[SOURCE DATA Boundary: Start]

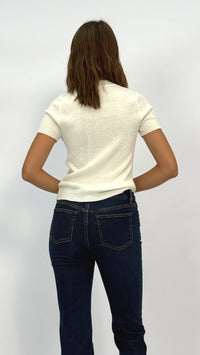 Elsa White Mock-Neck Ribbed Top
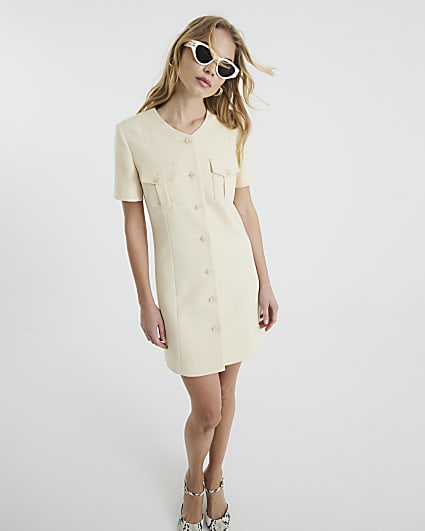 Yellow Pocketed Mini Dress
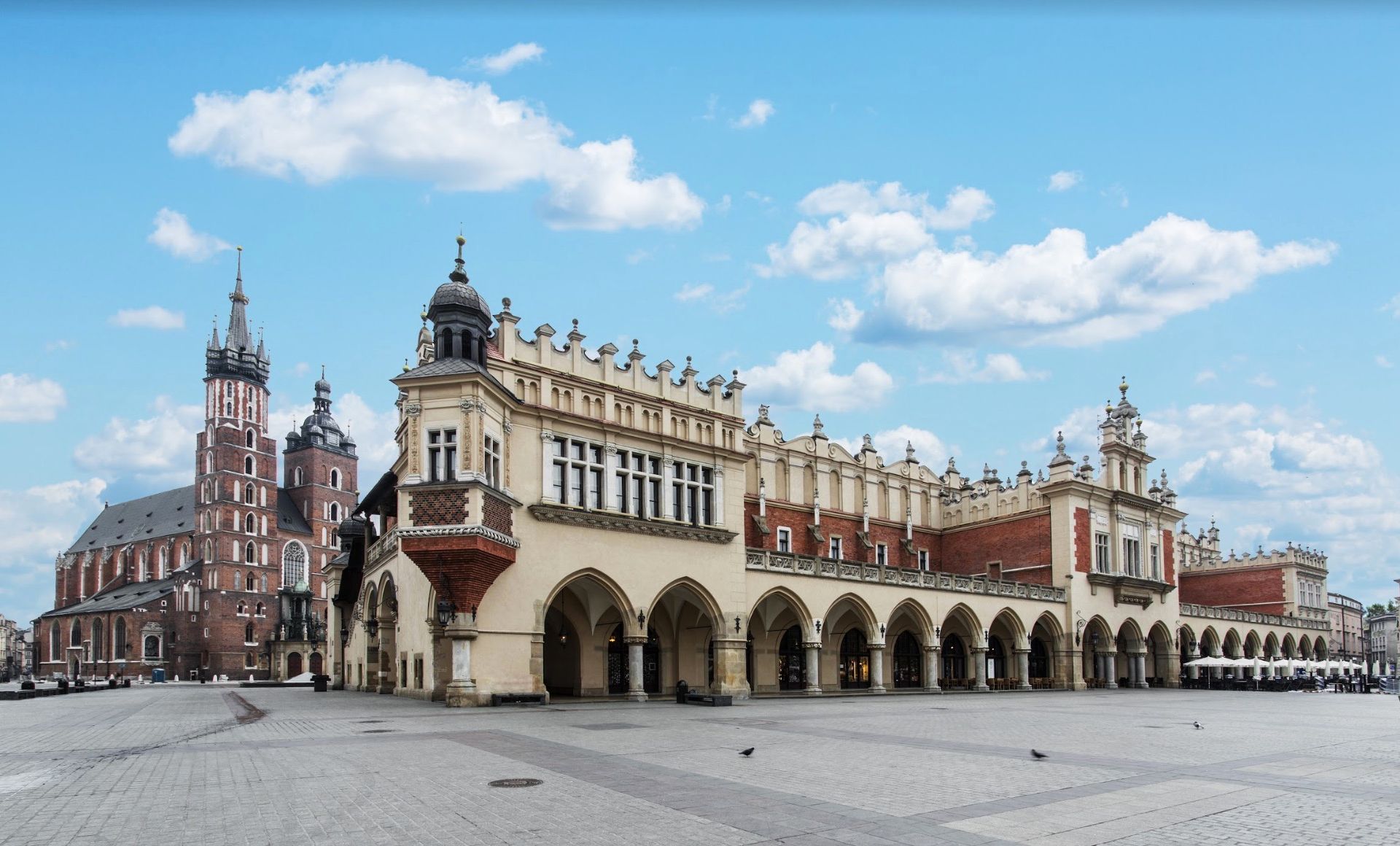 Basilique Sainte-Marie et place principale, Cracovie - Pologne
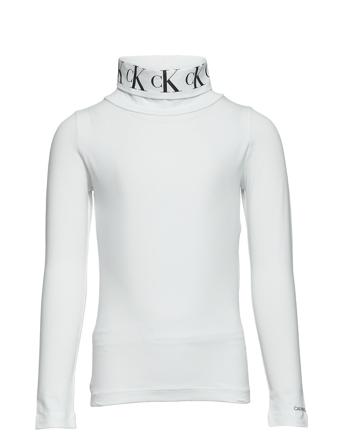 Stretch Monogram Rollneck Ls Top White Calvin Klein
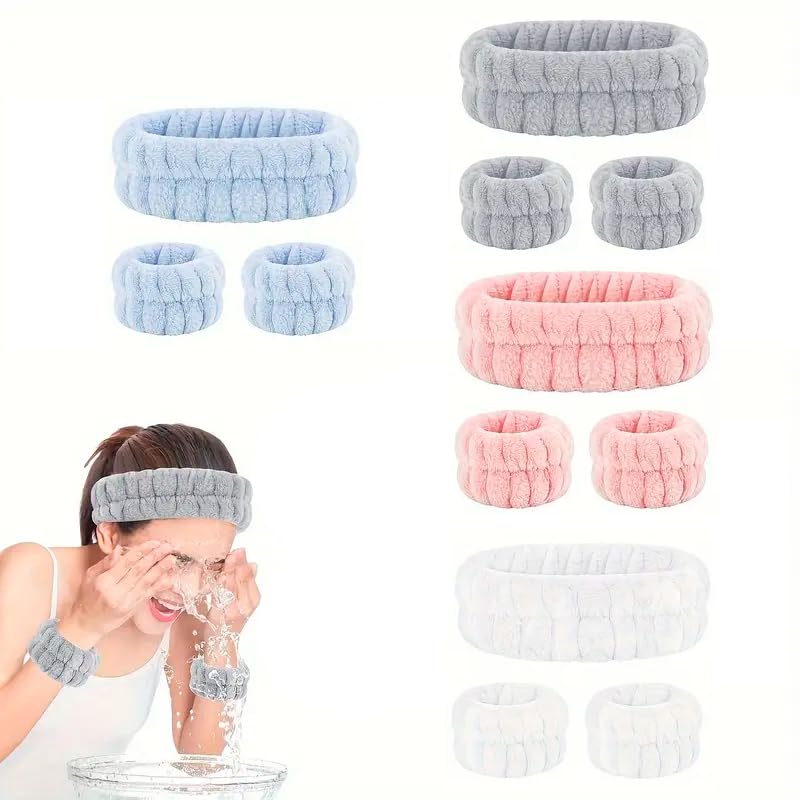 Set de diadema facial y muñequeras absorbentes de spa, banda spa para el cabello, cintillo de belleza, rutina facial, maquillaje y rutina de belleza, lavado de cara (Pack)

[SOURCE DATA Boundary: End]

→ WHAT THE EXERCISE ASKS:
Output nothing but the entries above, exactly, once the pictures are removed.

→ ANSWER SPACE:
 Elsa White Mock-Neck Ribbed Top
 Yellow Pocketed Mini Dress
 Basilique Sainte-Marie et place principale, Cracovie - Pologne
 Stretch Monogram Rollneck Ls Top White Calvin Klein
 Set de diadema facial y muñequeras absorbentes de spa, banda spa para el cabello, cintillo de belleza, rutina facial, maquillaje y rutina de belleza, lavado de cara (Pack)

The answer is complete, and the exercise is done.